This paper explores the use of narrative methodology to collect stories from children and young people in a 30-month Arts and Humanities Research Council (AHRC)-funded project in the UK (2015-2017), entitled ‘Stories to Connect With: disadvantaged children and young people creating phygital community artefacts to share their life-narratives of resilience and transformation’ (www.stories2connect.org). As Principal Investigator I will describe some of the challenges and highlights of the work to date, including negotiating working in a community-based participatory research project with children and young people with a range of (dis)abilities and academics from a range of disciplines.
Further, through the application of theory from narratology I consider exactly how the young authors of these stories are connecting with their audiences.
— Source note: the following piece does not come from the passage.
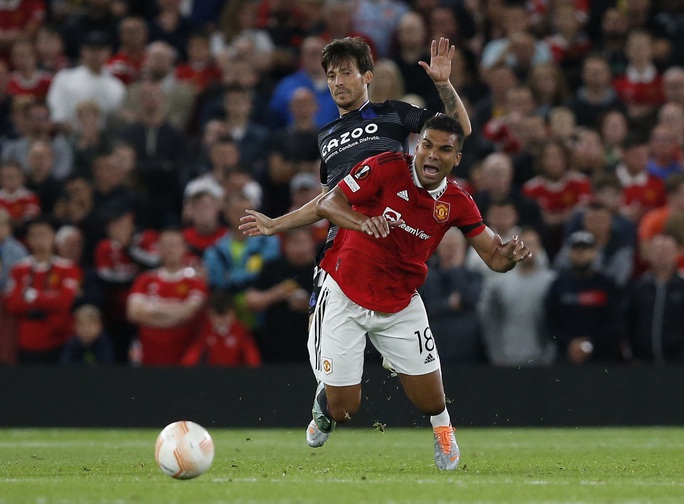 Vợ của tân binh Man United thả rông vòng 1 khi chuyển nhà cùng chồng - Ảnh 2.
The project aims to bring marginalised voices of disadvantaged children and young people into the centre of the community to encourage connection and empathy through stories. We seek to challenge dominant discourses around unconventional families, while also furthering the neglected dimension within children’s literature of young people telling their own stories. This paper asks how such connections can occur and specifically details the steps in the journey of the stories from the edges of the community into the centre.
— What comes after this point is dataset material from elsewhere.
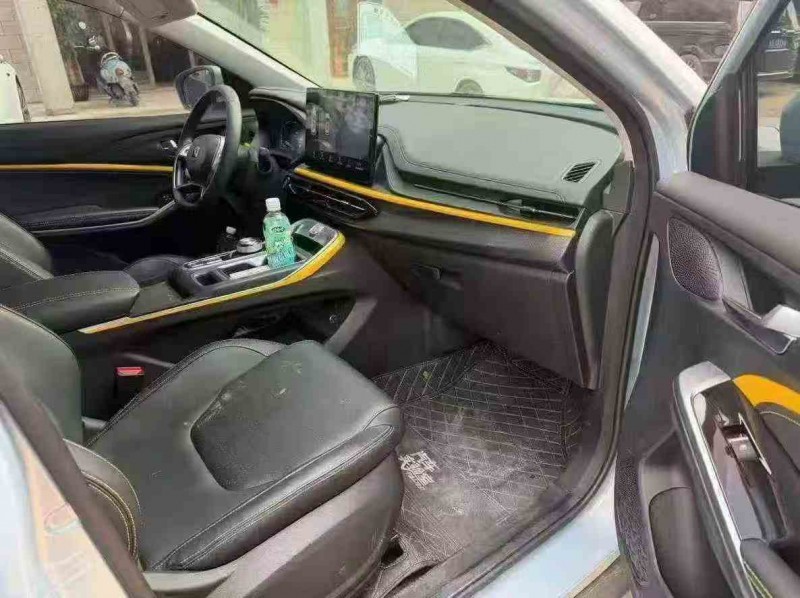 贵港23年江淮思皓8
The children and young people all access services provided by a UK charity that supports vulnerable children. Through their participation in the project the children become powerful as not only providers of stories, but tellers of them: the narration of their lives will be determined by the young people themselves through collaborative assemblages of their stories, facilitated by well-known children’s authors. Together the young people, authors and researchers will recreate, blend, fictionalize and re-present their stories in ways that they are happy with as authentic yet triumphant. The latter part of the project involves the children designing phygital objects with university-based digital designers, which will be the means of communicating their stories to the public. For example, they may create a life-sized tree with story-containing apples that can be picked; a dragon that breathes out stories; or a park bench that murmurs. I present an interpretation and elaboration of the discourse structure of narrative prose (Short 1996) in an attempt to illustrate and elucidate the complexities of the relationship between the ‘author’ and ‘reader’ of these stories. The stories’ journey includes exploring where truth becomes fiction, where child becomes both narrator and narratee, and where the public becomes the reader. The mediation of the phygital objects in the telling of these stories is a further step in exploring how the public becomes the receiver of the story’s message. I discuss how multiple tellers of multiple stories from the edges of the community can combine to create meaningful messages for people in a more central location. The application of a framework from narratology to community-based participatory research raises bigger questions about the relationships between different parts of the community and between researcher and participant, as well as between author and owner, between story and narrative, and between teller and told.